In reporting for her insightful and engaging account of the birth of local school councils, Mary O’Connell asked her interviewees whom they thought was most responsible for the historic legislation that created them. Don Moore and Designs for Change, the research and advocacy organization he founded in 1977, easily took first place.

Local school councils and their power to select principals and approve budgets and curriculum were the hallmark of a comprehensive set of reforms that decentralized the school system, shifting funds from central office to schools, giving principals authority to fill teacher vacancies themselves, and ending the iron grip that school engineers had on the hours schools could be open.

 “Don was the most persistent, thoughtful, smart advocate I know,” said Anne Hallett, director of the Grow Your Own teacher preparation program. “He would get his teeth into something and not let go.”

Donald R. Moore, 70, died last week of a heart attack.

While there were many streams flowing into the decentralization agenda, including the business community and community-based organizations, Moore, along with the late Fred Hess of the Chicago Panel on Public School Policy and Finance, set the direction with their research – first on the failings of the school system and then on the factors of successful school improvement. (Moore, who held a doctorate from Harvard University, conducted research at the national level before zeroing in on Chicago.)

“He produced really good data over the years,” said Hallett. “His crowning accomplishment was the [1988] Chicago school reform legislation. It was a good example of how Don would have a powerful idea and then include a lot of people in the fray.”

“He was behind the whole business of getting the plan written into law,” recalled Peter Martinez of the educational leadership program at the University of Illinois at Chicago.  “He organized the network, raised the money and hired the lobbyists. … He was an unusual mix.”

While Moore was not a classical community organizer, he did form broad-based coalitions.
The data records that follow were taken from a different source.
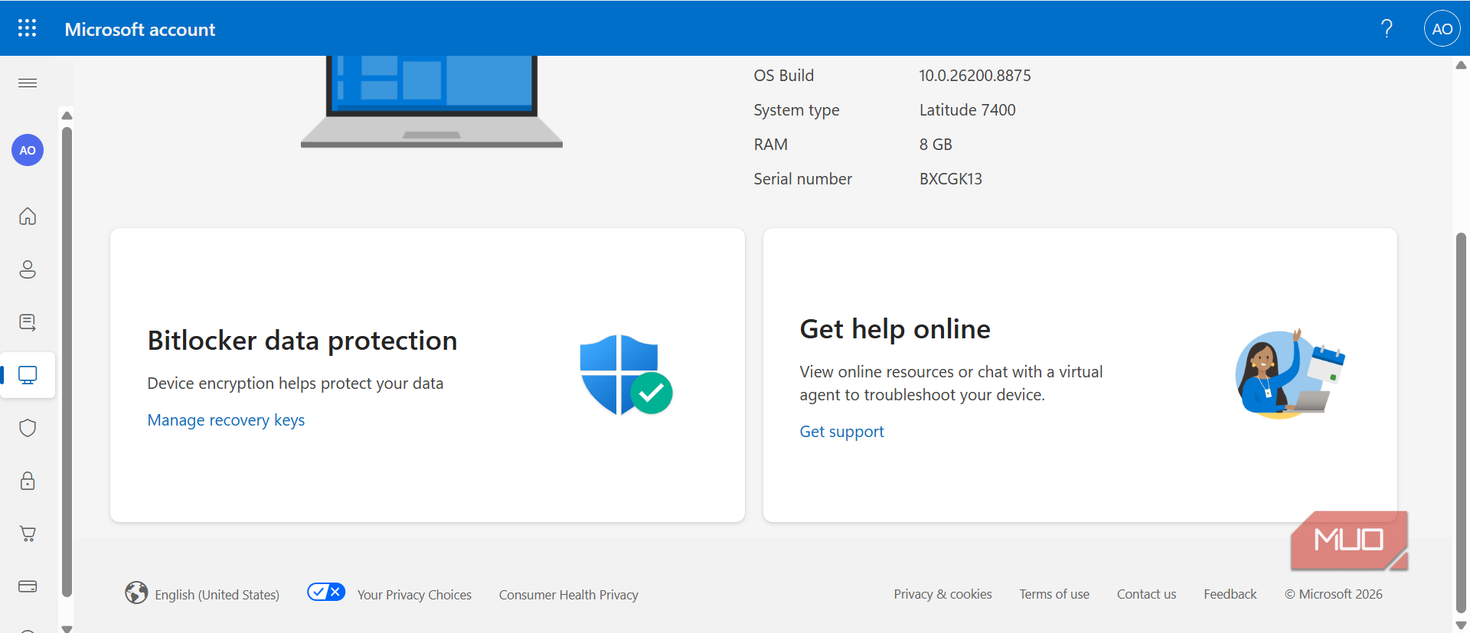 Managing recovery keys in microsoft account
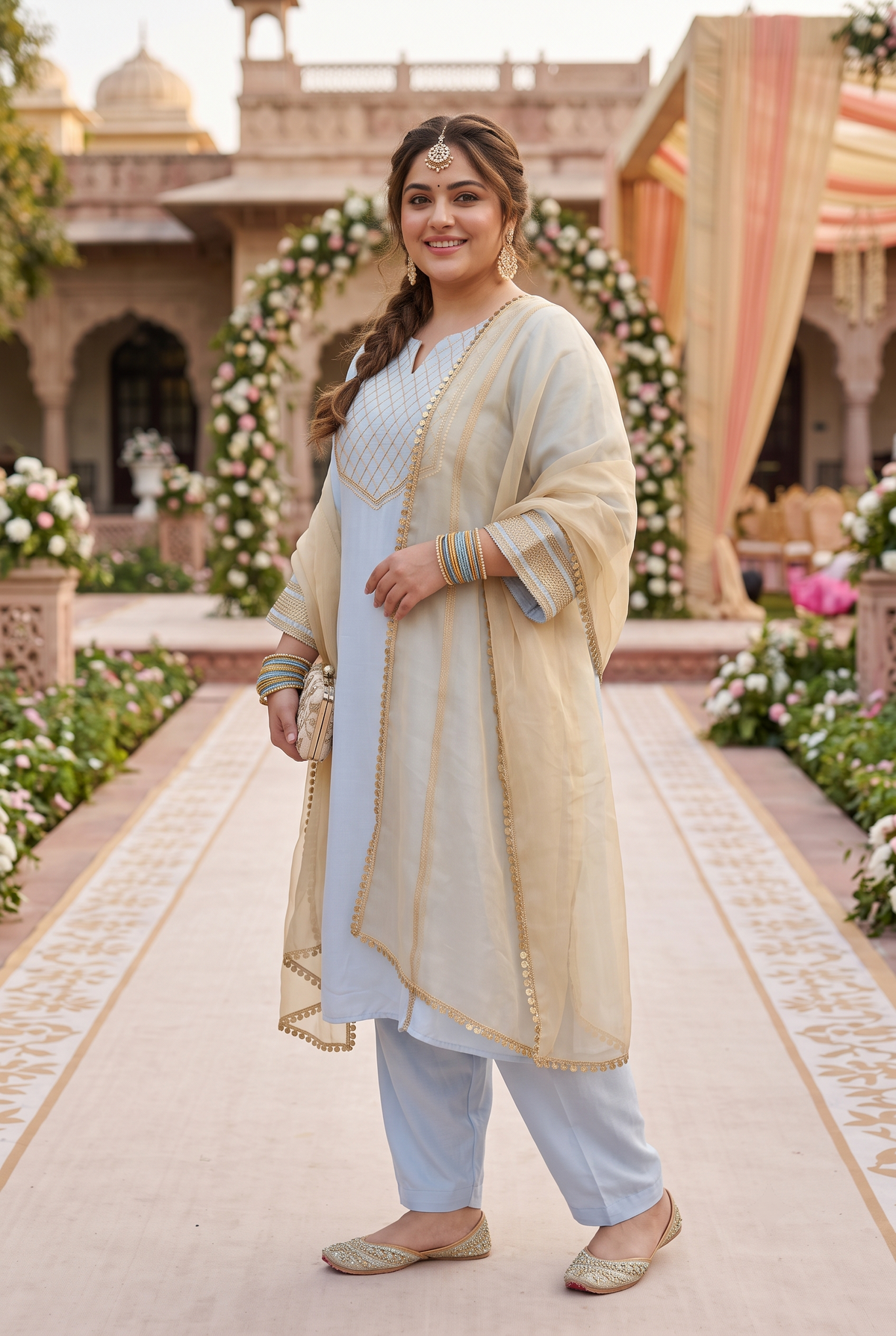 Plus Size Powder Blue Embroidered Kurta Salwar Set with Dupatta(Set of 3)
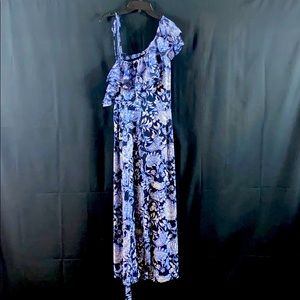 Women’s blue print a sleeveless romper size 16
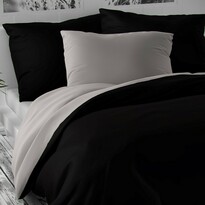 Luxury Collection szatén ágynemű, fekete/világosszürke, 140 x 200 cm, 70 x 90 cm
The runners-up in Mary O’Connell’s “most responsible” list are a reflection of that. They included, in order, Chicago United (or business community), the United Neighborhood Organization (UNO), Fred Hess or the Chicago Panel on Public School Policy and Finance, the People’s Coalition for Educational Reform (a social service coalition), PURE, the late Mayor Harold Washington and the Parent/Community Council (a group Washington formed).

Once the legislation was passed, Moore researched its impact, identifying 150 neighborhood schools with effective councils and a path of student achievement that was significant.

“He demonstrated that site-based democracy is a powerful way to run a public school,” said Ray Boyer, former associate vice president for public affairs at the John D. and Catherine T. MacArthur Foundation, which had made a 10-year, $40 million commitment to reform.

Moore also fought repeated efforts to return authority to central office, tracking unfriendly bills and sending busloads of supporters to Springfield. Eventually, opponents decided local school councils “were the third rail of politics” and they would try to work around them, said Martinez.

In another arena, his findings that CPS was not providing special needs students with services they were entitled to set the stage for the Corey H. lawsuit and ruling that forced reforms at the city and state levels. Less well known, he played an important role in identifying the “five essential supports” for school improvement, Martinez said, recalling a meeting in the mid-1990s in the office of former Schools Supt. Argie Johnson.

The University of Chicago Consortium on Chicago School Research subsequently conducted extensive research on the factors, confirming their role, and school systems are adopting them as a guide for improvement.

Don Moore is survived by two sons, Peter and Adam, and a sister, Susan Moore Johnson. The board of Designs for Change is planning a memorial service. Details are not yet available.